Alan Reynolds’ longer paper making the argument that inequality hasn’t increased in the United States is now available. I’ve had some time to look into this dispute since his initial op-ed came out, and nothing in the lengthier paper addresses any of my considerable concerns about his argument. Reynolds notes that the tax return data on which Thomas Piketty and Emmanuel Saez based their work have some flaws. He does not, however, address what has to be considered the overwhelmingly most important reason for preferring the Piketty-Saez approach to the use of Census Bureau figures — the Census doesn’t count high incomes. It does something known as “top coding” where people are asked to report their household income according to a series of thresholds (less than X, X-Y, Y-Z, Z-A, A-B, over B) and then everyone who reports as being at or higher than the top threshold is counting as if they were at the threshold. The explosion in income for the top one percent that Piketty and Saez report (and bigger explosion for the top 0.1 percent, top 0.01 percent. etc) doesn’t show up in the Census data because the Census doesn’t measure very high incomes.
At times, Reynolds seems to be misinterpreting or misrepresenting his own data. He makes a big deal about how there’s a large discontinuity in the tax data around the 1986 Tax Reform and that this can make changes look bigger than they really were. The conclusion he wants to reach, however, is that there’s been no trend toward inequality. If you look at his table on page five, however, you can see that both before and after the discontinuity, there’s a clear upward trend in the percentage of total income going to the top one percent.
I would recommend Pittkey and Saez’s rebuttal for more on this. To make a long story short, Reynolds has me very convinced that journalists have frequently oversimplified or slightly misrepresented the inequality situation in the past oftentimes by mentioning the Pittkey/Saez paper. I’m not at all convinced, however, that we haven’t seen a large increase in inequality. What’s more, it’s pretty clear that Reynolds and the venues in which he’s publishing (Cato, WSJ editorial page) would oppose policies aimed at curbing the growth in inequality even if they did believe (or, perhaps, acknowledge) it was happening, which offers relatively little reason to regard this as a good-faith effort to measure the level of inequality in America.
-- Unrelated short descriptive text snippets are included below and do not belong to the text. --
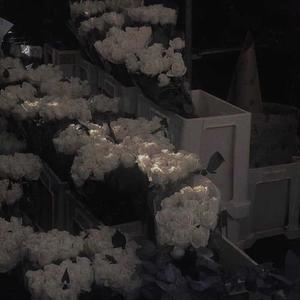 ¿A dónde va mi tiempo?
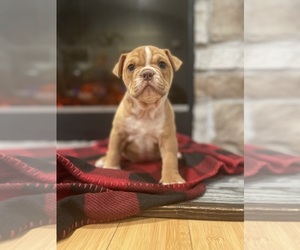 Olde English Bulldogge Puppy for sale in SMITHS GROVE, KY, USA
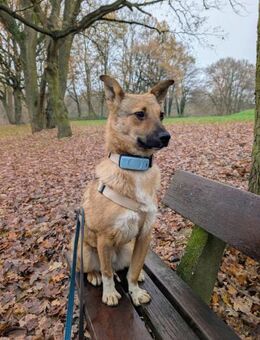Siri - kleines Fuchsherz - Löwenberger Land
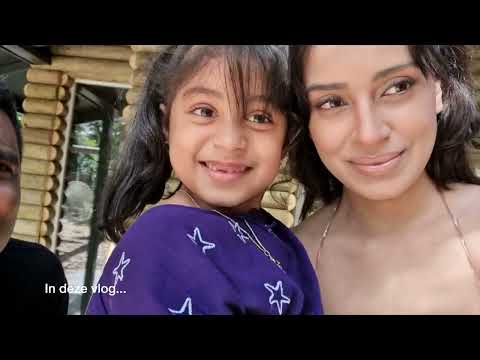 VAKANTIE HUISJE & WILDLANDS - VLOG #310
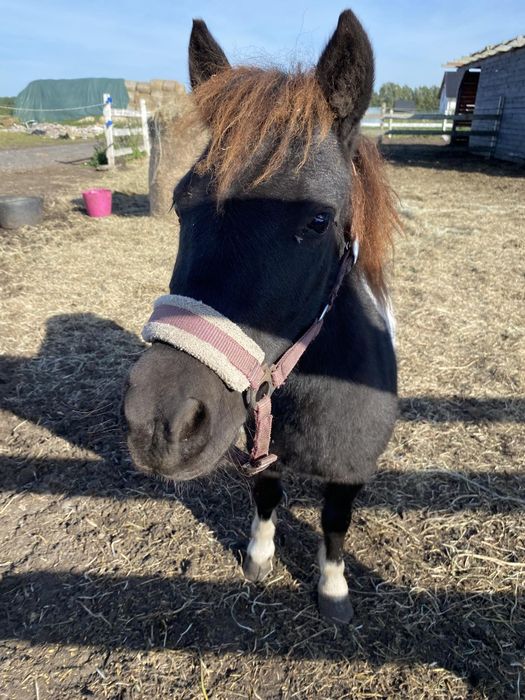 Cudowny, przekochany kucyk! Koń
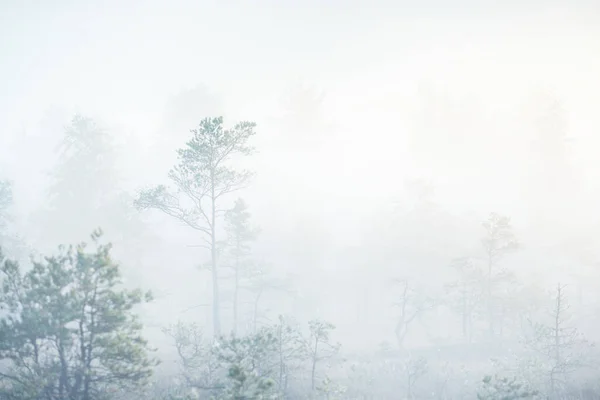 Swamp Sunrise Young Pine Trees Close Fog Clear Blue Morning — Stock Photo, Image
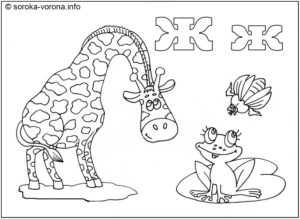 Розмальовка буква Ж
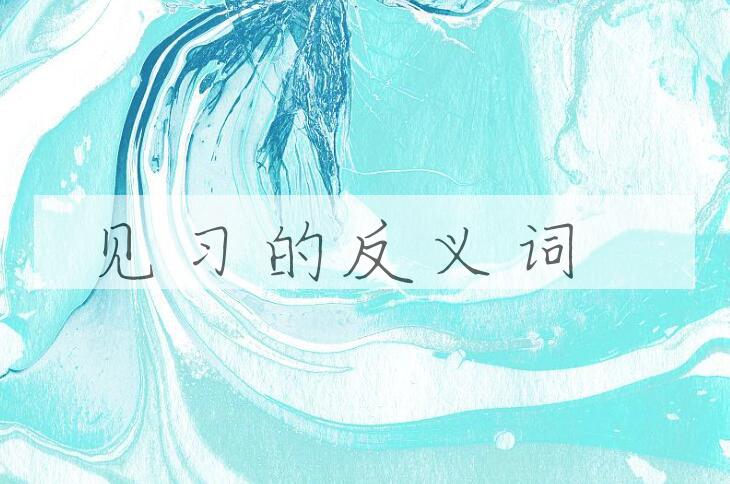 用见习造句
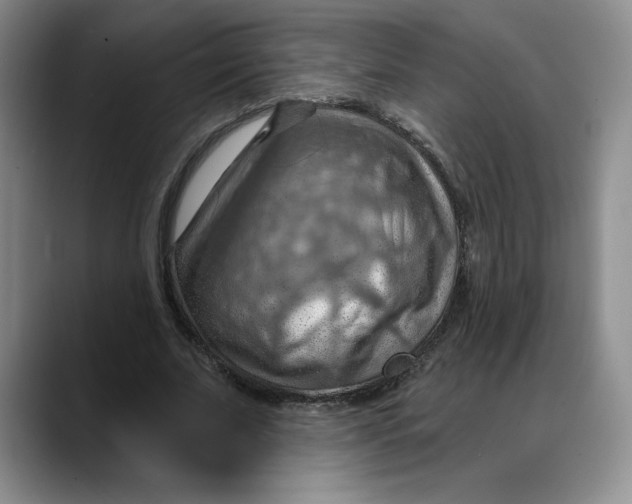 X0000088490679200706121549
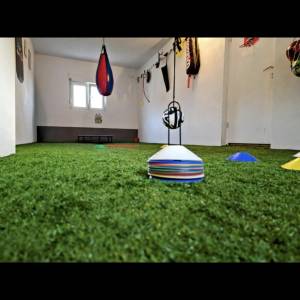 Individualni nogometni trener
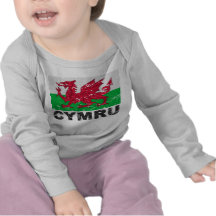 Wales CYMRU Vintage Flag Tshirt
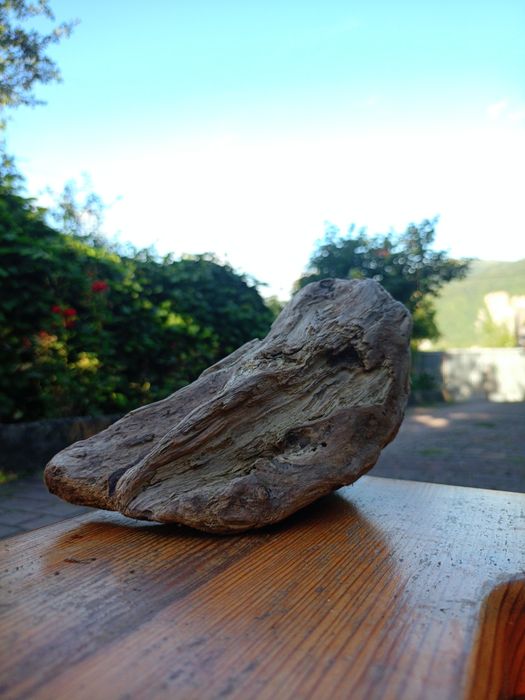 Морена коряга в акваріум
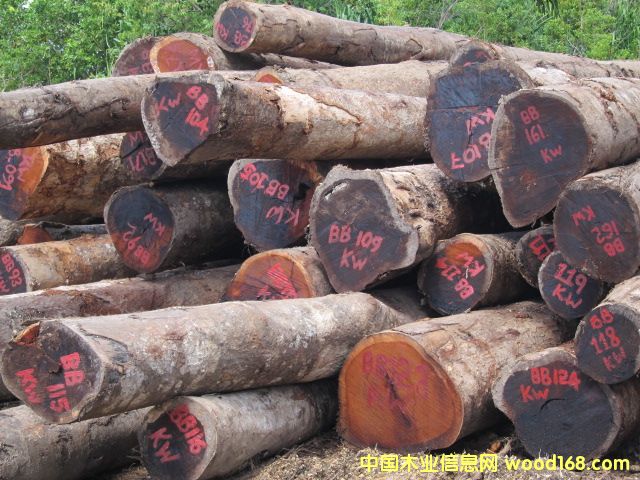 ���}��Kwila)��Ԕ��(x��)��B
UPDATE: To get a good look at the slipperiness we’re dealing with here, check out the Cato Editor’s blurb (emphasis added):
There are frequent complaints that U.S. income inequality has increased in recent decades. Estimates of rising inequality that are widely cited in the media are often based on federal income tax return data. Those data appear to show that the share of U.S. income going to the top 1 percent has increased substantially since the 1970s. A new study by Cato scholar Alan Reynolds shows that these claims are wrong in both their premises and their conclusions. In “Has U.S. Income Inequality Really Increased?,” Reynolds concludes, “There is no clear evidence of a significant and sustained increase in the inequality of U.S. incomes, wages, consumption, or wealth since the late 1980s.”
Even if you believe that there’s no “clear” evidence of a “significant and sustained” increase in inequality since the late 1980s this, rather clearly, wouldn’t rebut the assertion that “the share of U.S. income going to the top 1 percent has increased substantially since the 1970s.” People who would portray the two claims as contradictory are much more interested in convincing you that there’s no inequality problem than they are in finding out what’s happening with inequality.